═════ Records for the exercise ═════

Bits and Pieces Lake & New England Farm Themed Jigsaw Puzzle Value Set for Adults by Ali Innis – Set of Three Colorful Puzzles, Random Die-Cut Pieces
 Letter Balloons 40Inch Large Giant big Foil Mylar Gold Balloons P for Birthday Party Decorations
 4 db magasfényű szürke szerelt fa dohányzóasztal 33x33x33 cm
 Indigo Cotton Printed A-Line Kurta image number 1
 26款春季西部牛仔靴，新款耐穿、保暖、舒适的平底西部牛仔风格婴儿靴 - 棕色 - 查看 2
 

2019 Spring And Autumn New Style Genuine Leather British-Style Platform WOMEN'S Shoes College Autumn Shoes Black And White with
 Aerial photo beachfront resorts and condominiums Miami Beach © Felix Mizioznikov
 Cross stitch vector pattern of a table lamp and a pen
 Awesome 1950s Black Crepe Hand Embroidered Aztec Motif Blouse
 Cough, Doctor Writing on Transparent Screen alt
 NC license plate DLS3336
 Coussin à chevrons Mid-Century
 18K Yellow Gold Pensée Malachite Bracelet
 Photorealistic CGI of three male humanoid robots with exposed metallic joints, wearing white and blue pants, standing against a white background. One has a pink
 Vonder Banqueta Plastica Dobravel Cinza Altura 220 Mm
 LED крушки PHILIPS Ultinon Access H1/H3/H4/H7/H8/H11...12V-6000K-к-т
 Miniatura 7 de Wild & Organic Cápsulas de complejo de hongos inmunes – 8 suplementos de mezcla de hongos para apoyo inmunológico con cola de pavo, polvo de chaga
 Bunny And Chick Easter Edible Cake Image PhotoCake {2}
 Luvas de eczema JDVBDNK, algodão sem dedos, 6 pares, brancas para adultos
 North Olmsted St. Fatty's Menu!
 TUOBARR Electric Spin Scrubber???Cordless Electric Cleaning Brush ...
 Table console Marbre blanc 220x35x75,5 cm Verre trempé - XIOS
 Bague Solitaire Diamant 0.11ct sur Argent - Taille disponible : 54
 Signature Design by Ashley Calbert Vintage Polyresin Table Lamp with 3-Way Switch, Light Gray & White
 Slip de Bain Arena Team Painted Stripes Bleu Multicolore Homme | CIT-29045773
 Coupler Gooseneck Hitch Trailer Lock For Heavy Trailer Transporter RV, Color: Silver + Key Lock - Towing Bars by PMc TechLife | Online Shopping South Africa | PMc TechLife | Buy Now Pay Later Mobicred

═════

Work to be completed:
Only lines containing the word "para" should appear in the answer, and every such line from the records above must be there.

Task answer:
 Miniatura 7 de Wild & Organic Cápsulas de complejo de hongos inmunes – 8 suplementos de mezcla de hongos para apoyo inmunológico con cola de pavo, polvo de chaga
 Luvas de eczema JDVBDNK, algodão sem dedos, 6 pares, brancas para adultos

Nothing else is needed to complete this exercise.